The Feedback Fallacy

March 5, 2019
Written by
Jim Knight

The Feedback Fallacy

August 16, 2023
March 5, 2019
Written by
Jim Knight

One of the most thought-provoking articles I’ve read in a long time was just published by Marcus Buckingham and Ashley Goodall as the lead article in this month’s Harvard Business Review. The article, The Feedback Fallacy, convincingly makes the case that most leaders’ understanding of feedback is completely backwards. “Feedback,” according to Buckingham and Goodall, “is about telling people what we think of their performance and how they should do it better.”  But, they go on to explain, “the research is clear: Telling people what we think of their performance doesn’t help them thrive and excel, and telling people how we think they should improve actually hinders learning.”

Buckingham and Goodall identify three fundamental flaws in the prevailing way of providing feedback. First, we are not very good at rating others’ performance.  The authors maintain that our evaluations of other people have more to do with ourselves than with those we are observing.  “This phenomenon is called the idiosyncratic rater effect, and it’s large (more than half of your rating of someone else reflects your characteristics, not hers) and resilient (no training can lessen it).”

Second, according to Buckingham and Goodall, research is clear that telling others how they fall short actually inhibits, rather than encourages, learning. The authors present compelling research showing that hearing criticism shifts people into survival mode, thereby “impairing” learning.  “Learning,” the authors write, “rests on our grasp of what we’re doing well, not on what we’re doing poorly, and certainly not on someone else’s sense of what we’re doing poorly.”

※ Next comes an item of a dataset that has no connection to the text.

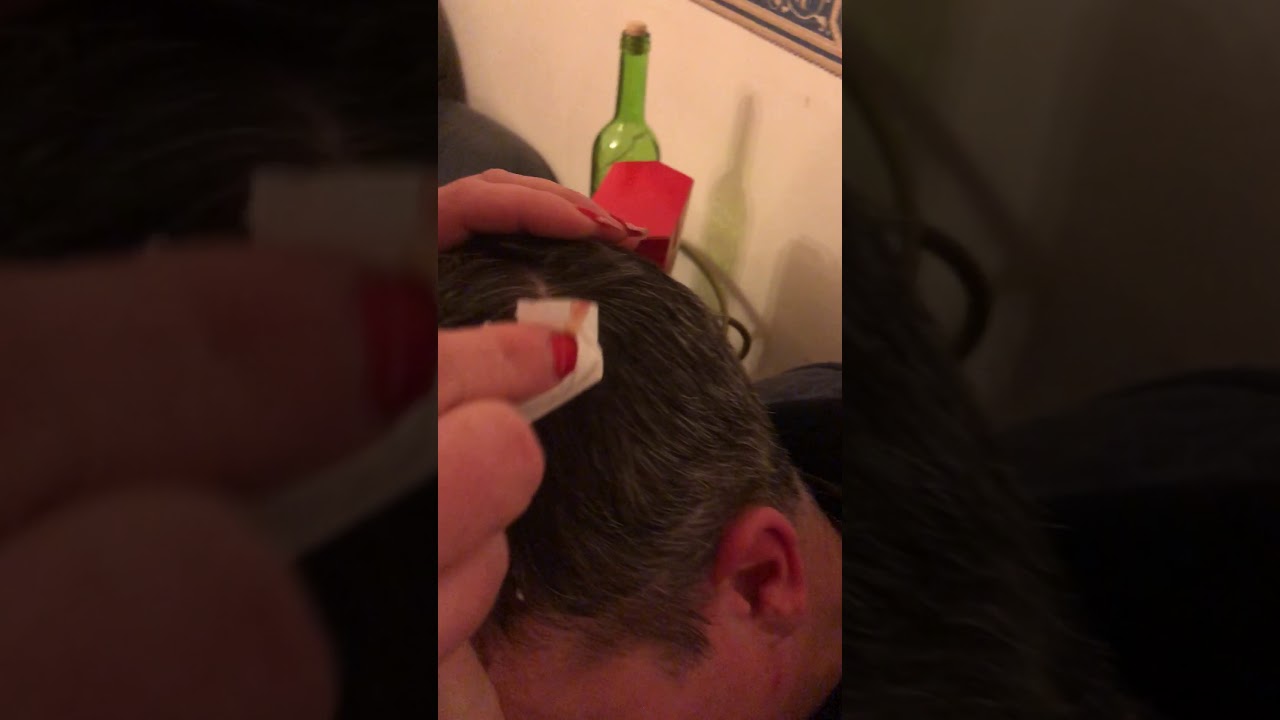 Pimple popping on head with amazing popping sound!!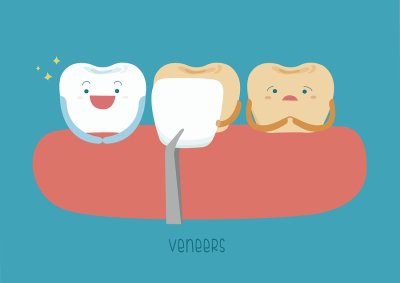 veneers graphic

Third, excellence is not reducible to universal and simple explanations. As the authors explain, “Since excellence is idiosyncratic and cannot be learned by studying failure, we can never help another person succeed by holding her performance up against a prefabricated model of excellence, giving her feedback on where she misses the model, and telling her to plug the gaps.”

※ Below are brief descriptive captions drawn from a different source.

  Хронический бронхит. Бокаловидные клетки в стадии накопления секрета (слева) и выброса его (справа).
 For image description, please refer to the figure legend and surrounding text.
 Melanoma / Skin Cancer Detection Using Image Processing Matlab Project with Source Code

What does this mean for coaches? As I read the article, I couldn’t shake my conviction that Buckingham and Goodall offer significant evidence for three strategies that lie at the heart of the Impact Cycle.

First, rather than telling teachers what they like and dislike about a lesson, to be effective, coaches should structure conversations with teachers as dialogues between two equal partners.  A dialogue is a conversation in which both partners share ideas equally, a conversation in which people strive to do what is right, not to be right.  A dialogue isn’t about positions, it’s about partnership. (You can watch my five-minute talk about dialogue here.)

Second, authors such as Bill Sommers, Parker Palmer, and Bob Garmston have pointed out that dialogue is often enabled through a third point for conversation that takes the focus off of the coach and teacher and directs it toward whatever the two are exploring together.  For example, two powerful “third points” are student work and video recordings of teachers’ lessons.

Third, coaching conversations are more effective when they are nonjudgmental.  This doesn’t mean that coaches shouldn’t share what they are thinking; instead, they should share their thoughts provisionally, and with the humility that is appropriate for any conversation about what happens in a classroom.  (You can watch a video about the dangers of judgment [and gossip] here.)